Canadian Cuckarocha? Some nut from north of the border has invented a robot driven by something called a Madagascar hissing cockroach (for you NY apartment dwellers, it can grow to the size of a mouse and the hissing part doesn’t sound all that endearing so stop complaining) that he sticks in the driver’s seat with Velcro and then depends on the roach’s innate aversion to light to steer the robot away from light-flashing obstacles. He must have a couple of teenagers and old farts in the crowd though because it seems some of them like the crashing sensation while others sit idly for long periods of time, probably at intersections.

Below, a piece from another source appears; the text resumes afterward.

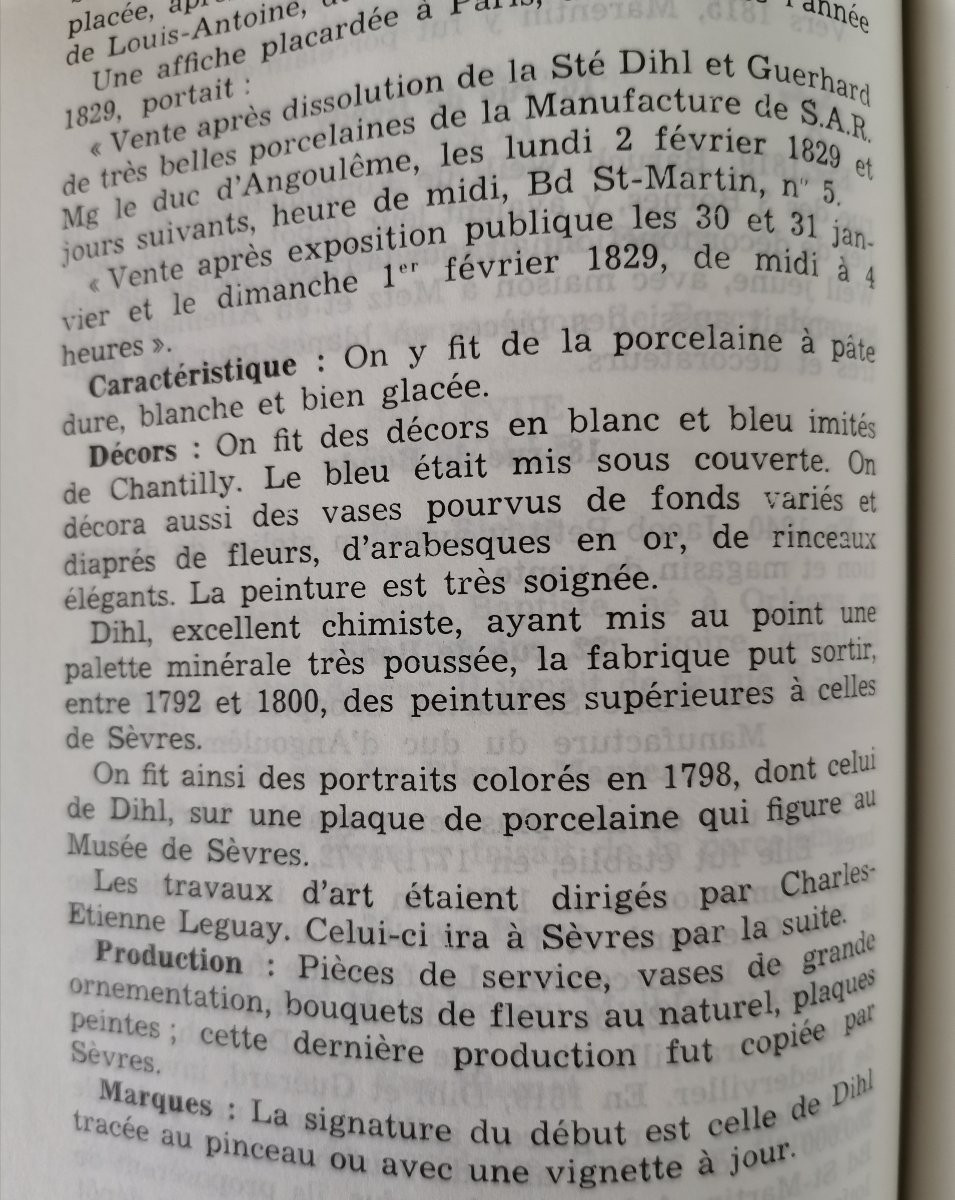Service à œufs en porcelaine de Paris 1800-photo-7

Stick That Whistle Where? Whistle blowing is a serious business ethics problem (apologies for using business and ethics in the same sentence). Consider Dr. Peter Rost, a vice president at Pfizer, one of the drug companies that we know and love. Rost ratted the pharmaceutical industry out on exorbitant drug prices, though I don’t know why he had to—like, it’s not a secret. First, his employees stopped reporting to him; second, his supervisors stopped returning his calls; third, he doesn’t know to whom to report; fourth, his secretary left; fifth, his office was moved near Pfizer’s security department in a different town; sixth, his company e-mail was cut off and his corporate cellphone stopped working. You don’t have to write mystery novels to guess what seventh might be. I think if I were Rost, I’d take my whistle and go tootle somewhere safer.
Kozlowski Kraziness & Scrushy Silliness If the juries for Denis Kozlowski, Tyco’s ex CEO, and Richard Scrushy, Health South’s ex CEO don’t get their acts together, these two super-rich oinkers may avoid the slammer and again make a mockery of our equal justice for all system.